Rapportés dans la gazette cité plus haut, les propos mêmes de Anne Hidalgo révèlent au demeurant la visée réelle de la « requalification urbaine » opérée dans secteur du nord-ouest parisien : « enrayer la fuite des classes moyennes, chassées par l’envolée des prix de l’immobilier ». En langue peu châtiée mais claire : notre électorat risque de foutre le camp, maintenons-le sur place et faisons en sorte qu'il s'accroisse. Comme c'est souvent le cas dans la « politique de la ville » — en, fait le polissage de sa composition sociologique —, la mince part réservée aux logements dit sociaux témoigne de la mixité sociale très relative de l'habitat programmé: elle n'est en outre accessible qu'à du CSP + mais bas de gamme — le bobotariat — et non aux prolos. À cet égard, Ian Brossat, un normalien affilié au PCF nommé adjoint au logement, à l'habitat durable [sic] et à l'hébergement d'urgence [re-sic] dans la fine équipe municipale de A. Hidalgo, est passé maître dans l'art du «mixage social». Hors de question, en effet, pour lui et ses supérieurs publics ou privés de mélanger les torchons populaires avec les serviettes néo-petites bourgeoises.

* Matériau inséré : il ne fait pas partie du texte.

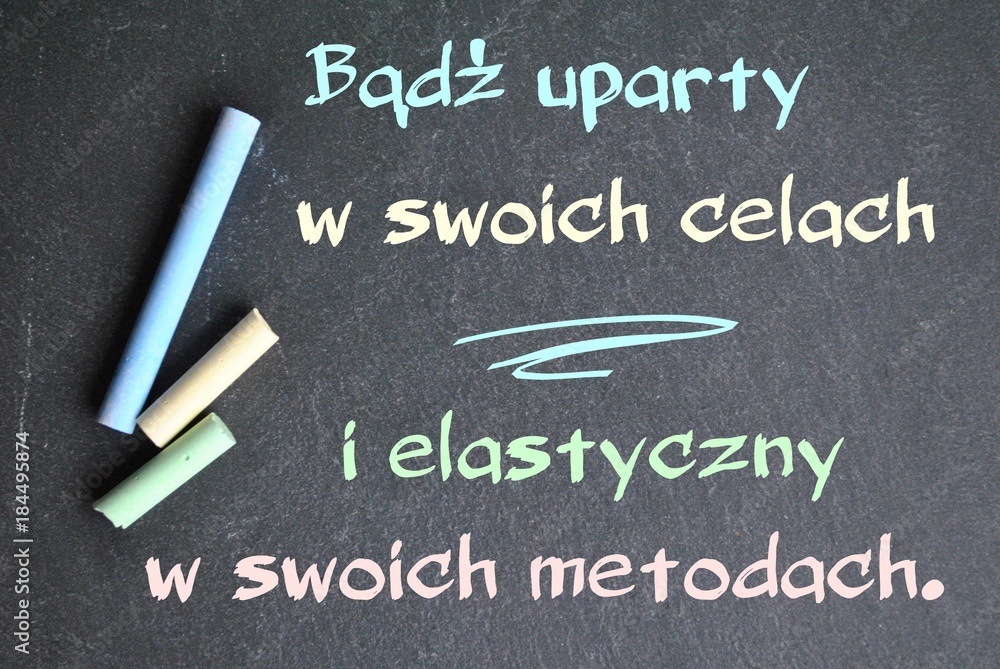 Napis kredą na tablicy 'Bądź uparty w swoich celach i elastyczny w swoich metodach' w pastelowych kolorach symbolizujący równowagę między determinacją a adaptacją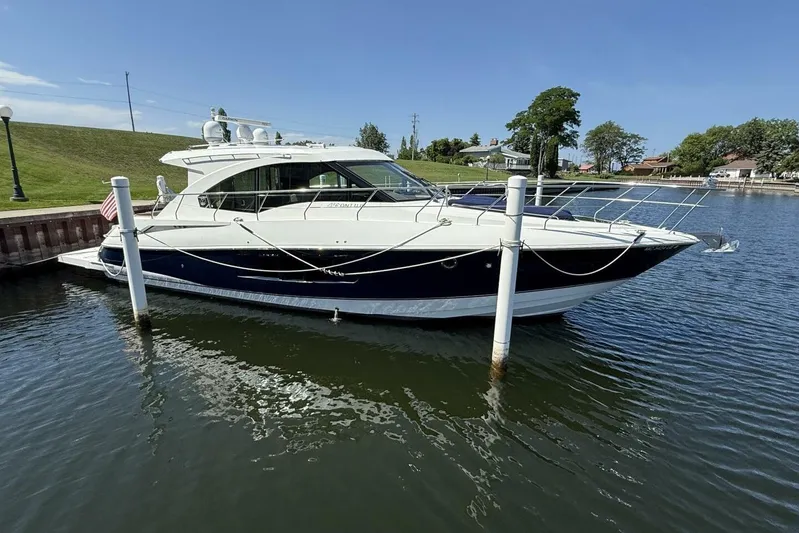  Yacht Photos Pics 2013 Cruisers Yachts Cantius docked in a serene marina setting.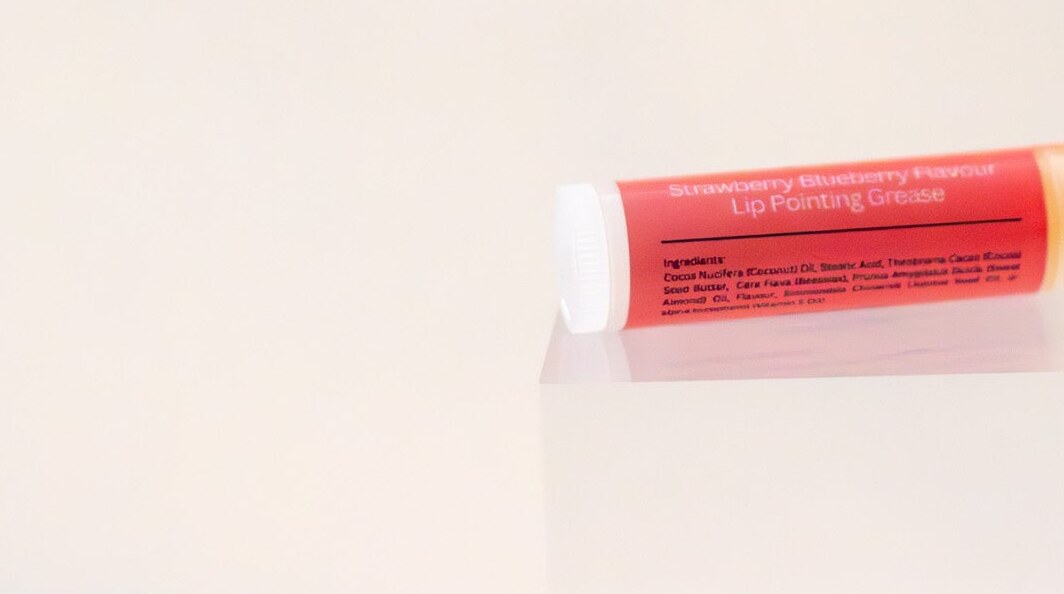 Berry Picker lip balm tube on its side showing the ingredient panel.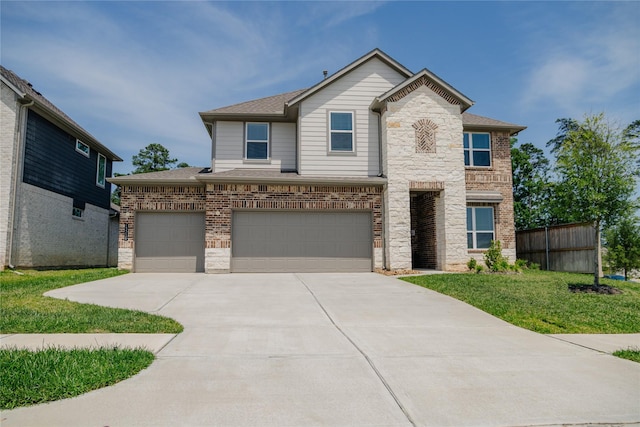 13716 Rising Sun Ln, Conroe, TX 77384 - view of front of property with driveway, stone siding, an attached garage, and a shingled roof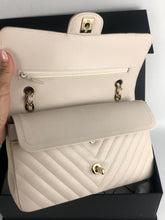 Load image into Gallery viewer, Chanel 18b ivory chevron caviar medium classic with light gold hdw
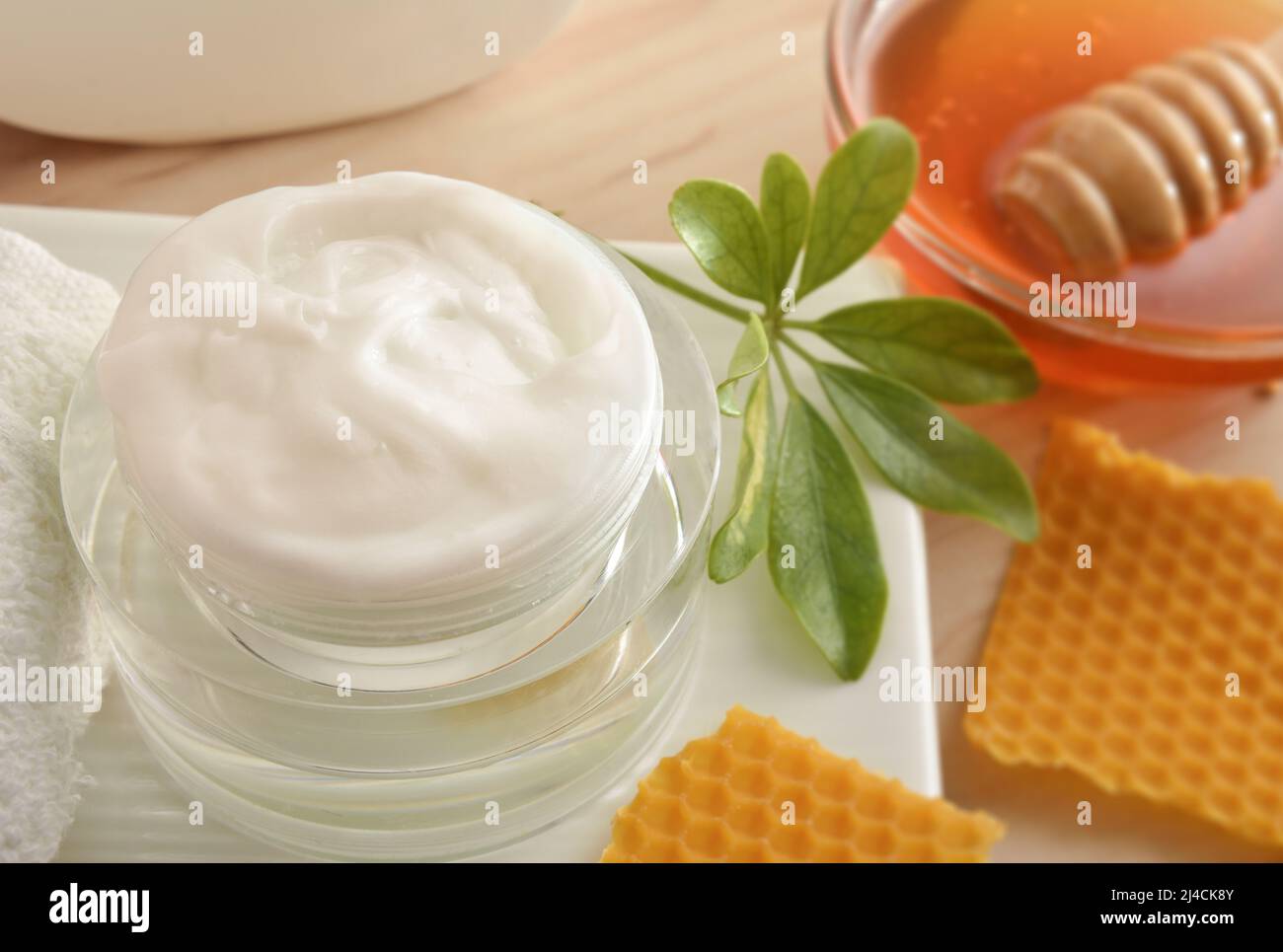 Crema con estratti di miele e contenitore con miele su tavola di legno. Composizione orizzontale. Vista rialzata. Foto Stock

« Nous avons su éviter, s’était réjouie A. Hildago, de faire construire pour des investisseurs étrangers des immeubles dans lesquels personne ne peut se loger ». Sauf les bourgeois, aurait-elle pu préciser. Il est vrai que la zone des Batignolles, même « réhabilitée », ne compte pas parmi les « beaux quartiers » et que, toute façon, ce n’est pas cet électorat huppé qui intéresse la maire de Paris. Quant aux investisseurs qui ont misé sur la nouvelle zone d’aménagement concertée (ZAC)… en leur compagnie, ils sont effectivement français, mais si, avec eux « on a réussi, en travaillant directement sur le programme, à faire revenir les classes moyennes », comme le signalait encore A. Hidalgo, décidément intarissable sur le succès de l’opération, c'est parce que l'on a pu préalablement y contenir la spéculation foncière par une règlementation adaptée. Une condition favorable voire indispensable, aurait-pu ajouter la maire de Paris, à une spéculation immobilière qui, toute « encadrée » qu'elle soit, n'autorise pas toutefois à loger n'importe qui dans un de ces hauts lieux de l’urbanité contemporaine telle que la ZAC de Clichy-Batignolles.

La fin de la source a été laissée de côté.